We are not THAT cruel.
We had a discussion at Siggraph about starting a Beta for it to see if people want it, like it or need it (since there are a couple solutions out there already).
It might not be part of the Krakatoa package though.
Stay tuned.
The Fading Density topic was updated once again with some examples of using KCMs to turn the Density By Age value into Texture coordinates to look up into a Gradient Ramp map or any other texture: software.primefocusworld.com/sof … ent_By_Age
And incredibly slow…not even the meshing itself (wich is slow too as it is not multithreaded at all) but alone selecting the mesh takes AGES as it has the slowest viewport ever
I have never tried to do a benchmark of the RealFlow meshing, but I have done some of PWrapper and Max Blob Mesh to see how we compare. software.primefocusworld.com/sof … chmark.php
While nobody here has signed an NDA, please keep this page for yourself and don’t spread the URL around.

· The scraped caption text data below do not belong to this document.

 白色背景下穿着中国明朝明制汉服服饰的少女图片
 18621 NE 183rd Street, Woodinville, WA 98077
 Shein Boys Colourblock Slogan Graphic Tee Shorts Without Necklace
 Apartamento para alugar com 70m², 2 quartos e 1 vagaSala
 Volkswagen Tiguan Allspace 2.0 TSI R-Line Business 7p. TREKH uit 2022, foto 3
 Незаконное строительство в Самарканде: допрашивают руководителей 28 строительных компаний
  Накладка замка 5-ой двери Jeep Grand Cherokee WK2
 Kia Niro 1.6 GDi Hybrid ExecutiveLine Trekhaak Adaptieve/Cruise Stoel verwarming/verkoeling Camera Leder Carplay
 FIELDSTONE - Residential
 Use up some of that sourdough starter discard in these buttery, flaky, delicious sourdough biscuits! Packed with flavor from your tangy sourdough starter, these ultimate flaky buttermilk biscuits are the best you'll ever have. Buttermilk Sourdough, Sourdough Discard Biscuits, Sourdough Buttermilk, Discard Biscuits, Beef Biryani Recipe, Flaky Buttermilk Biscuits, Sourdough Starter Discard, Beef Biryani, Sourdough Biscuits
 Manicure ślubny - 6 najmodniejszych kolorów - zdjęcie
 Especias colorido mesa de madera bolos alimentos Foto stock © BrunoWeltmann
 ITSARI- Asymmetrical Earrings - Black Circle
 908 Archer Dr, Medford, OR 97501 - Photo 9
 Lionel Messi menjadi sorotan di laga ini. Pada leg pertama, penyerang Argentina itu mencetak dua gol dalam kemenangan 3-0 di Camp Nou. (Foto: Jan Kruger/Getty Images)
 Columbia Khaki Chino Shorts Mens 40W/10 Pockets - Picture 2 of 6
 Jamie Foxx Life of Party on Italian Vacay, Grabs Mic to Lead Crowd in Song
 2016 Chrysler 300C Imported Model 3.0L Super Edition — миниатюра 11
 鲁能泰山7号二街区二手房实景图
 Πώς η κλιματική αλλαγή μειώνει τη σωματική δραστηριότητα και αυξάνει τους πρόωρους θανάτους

Good Lord, I guess I should have expected that to be the case, that is just ridiculous, the scaling is mind boggling. it is crazy to see blobmesh out do pWrapper in the first test at 40K and 80K
Keep in mind that these tests are a bit biased.
PWrapper was never designed to deal with a million dense almost overlapping particles.
Since Krakatoa tends to produce millions, we had to test how it does (and we used about 300K on the characters in Dragonball:Evolution without problems).
When the distribution of the particles is more SPH-like, the differences between PWrapper and PRT Mesher become less obvious (except of the multi-threading, I think I heard PWrapper is getting multi-threaded too). Also, when the particles are too far away from each other, all 3 get slower because each particle turns into a separate ball and the face count goes up a lot.
On the other hand, the number of meshing algorithms and additional controls in PRT Mesher make it even more interesting.
still some interesting numbers, and when I start seeing ???, reminds me of all the out of memory at rendertime errors i’ve gotten with pwapper
although a multi-threaded pwrapper would be great, folks have been asking about that for years, and really as it is the only modestly priced option available (other than Becrons Metaball for vray, which BTW is really pretty amazing, thats another story)
Is there an intermediary caching available for the levelset? Like breaking it into two steps, one for the particle-to-levelset conversion and one for the levelset-to-mesh conversion. Seems for very dense (spatially) particle systems, the levelset would be smaller, reducing network bandwidth for renders, and you could tweak the actual meshing faster (though this is probably minor). You’d also have the side benefit of accessing the levelset data for other purposes (new particle channel, even?). I’ve done renderings with box#3 where ‘surface’ particles are treated differently than ‘subsurface’ particles. Specular, density, color, etc.
In our in-house system, the PRT mesher can be saves as .RLS Level Set or as an XMesh (our geometry caching system).
The Level Set format is the one used in Flood. (The full internal name of the tool is “Flood PRT Mesher”).
For obvious reasons, these features might not be in an eventual commercial version of the tool.
Publishing specs for the file format that wouldn’t be terrible, would it? Ben and Mark already presented the concept of RLE compressed levelset data at SIGGraph, and it’s not like you’re publishing Flood itself. Alternatively, you could use a public format like Field3D, http://code.google.com/p/field3d/, and while you would have to add that to your mesher, at least you wouldn’t have to provide support, the way you do with .PRT’s.
The mesher directly saves the XMesh data? That’s pretty interesting, but it makes sense. If the meshing is just a step in the pipeline for a final shot, and not being used interactively, no need to pass the mesh to 3ds max and use a modifier to save the data out to disk.
The PRT Mesher meshes particles. It does not read RLS files, it just has the option to write them. There is a separate tool for loading and meshing level sets, and yet another for loading them (for example to drive particles in PFlow). Chances are these features won’t be in the final product, IF there is a final product.
Right, I was just saying that the levelset data used in the middle of the PRT meshing could be reused for texturing the mesh, or populating channels in Pflow, etc.